Since its approval in 2000, medication abortion has proven to be an extremely safe and effective option to end an early pregnancy. During the past 15 years, doctors and researchers have been endorsing a more modern, evidence-based regimen than the original FDA approved label. But anti-choice politicians have used the outdated label as an excuse to pass medically- unnecessary laws that put women’s health at risk, for instance, requiring women to travel hundreds of miles and pay for a hotel simply to complete the multi-day regimen in a clinic instead of safely at home.
Today’s label change is welcome news for women’s health:
- The new label allows for a lower dose of mifepristone (200 mg from 600 mg)

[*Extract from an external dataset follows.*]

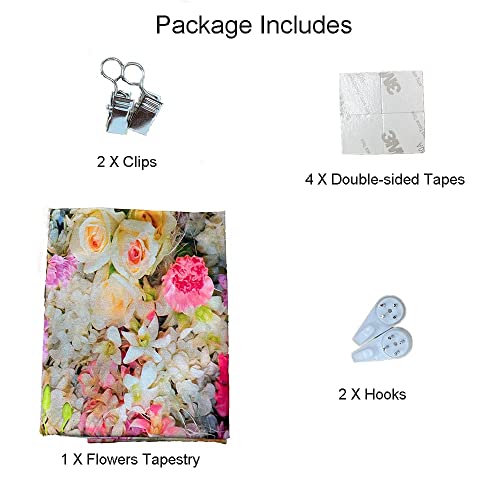 Coucou Colorful Flowers Tapestry For Bedroom Teen Girl Floral Plants Tapestry Pink Wall Backdrop Pink Yellow Purple Rose Flower Tapestry Wall Hanging For Living Room Bedroom Dorm Home Decor (59 X 51 Inches (150 X 130 Cm), Flowers) #TOP6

- It increases from 49 days gestation to 70 days when women can take medication abortion
- Follow-up does not have to be provided during an in-person clinic visit and the second part of the regimen, Misoprostol, can be taken at home
We fought hard for FDA to update the label based on scientifically-proven, evidence-based medicine. NWHN has a proud history as an FDA watchdog for drug safety and efficacy, and we fully support these changes. But as always, more still needs to be done. Medication abortion is still out of reach for some women because of medically-unnecessary regulations, like requiring special registration of providers who wish to offer it in their offices and prohibiting the medication from being dispensed in pharmacies.
We promise to keep fighting to make medication abortion even more accessible and affordable for all who may choose to use this safe and effective medication to end a pregnancy.